According to research published in Respiratory Research today, mint flavoring e-cigarette liquids results in more vapor particles and is linked to lower lung function in smokers.

Researchers demonstrated that commercially available menthol-containing e-cigarette liquids produce more harmful microparticles than menthol-free juice using a specially constructed robotic system that simulates the mechanics of human breathing and vaping behavior. Regardless of age, gender, race, number of pack-years smoked, use of nicotine or cannabis-containing vaping products, or patient records analysis from a cohort of e-cigarette smokers, menthol vapers took shallower breaths and had worse lung function than non-menthol smokers.

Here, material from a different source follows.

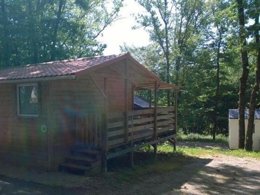 Camping Pas Cher vous présente avec son site Officiel campingpascher.fr, le Camping La Garenne classé 3 étoiles, situé sur la commune de Peyrignac dans le département Dordogne (Aquitaine) en France. Le camping La Garenne, vous présente un hébergement de type chalet de 35 m² pour 2 personnes et télévision. Le camping La Garenne vous propose du sam. 29 août au sam. 05 septembre 2026 pour 7 nuits à 398€. Cette location propose 263 dates différentes pour réserver votre séjour. Découvrez également les 15 autres gammes d'hébergements du camping. Les Avis clients pour le Camping La Garenne sont excellents avec une note moyenne de 8 sur 10. Piscine chauffée, Piscine extérieure, Animations familiales, Aire de jeux enfants, Baby-foot, Canoë-kayak, Centre équestre, Ping-pong, Piscine, Pétanque, Randonnée, Terrain de volley-ball, Trampoline, Bar, Dépôt de pain, Snack/Bar, Épicerie,... En savoir plus : cliquez-ICI.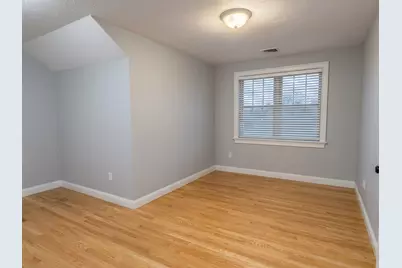 109 Farwell St #109, Newton, MA 02460 - Photo 13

The U.S. Food and Drug Administration continues to put pressure on cigarette producers to remove menthol from combustible tobacco products, such as normal cigarettes and cigars, in an effort to discourage young people from vaping and reduce avoidable fatalities. But the vaping industry is still growing, and of the 2.5 million young people who reported using e-cigarettes in 2022, mint and menthol flavors are still very popular.

Regulatory organizations struggle to keep up and assess the safety of products on time because conventional toxicity testing, which uses animals or living cells grown on a flat surface, can take weeks or months to yield high-quality and clinically relevant data.

There are additional drawbacks to conventional methods. Animals primarily utilized to evaluate aerosolized items are mice and rats.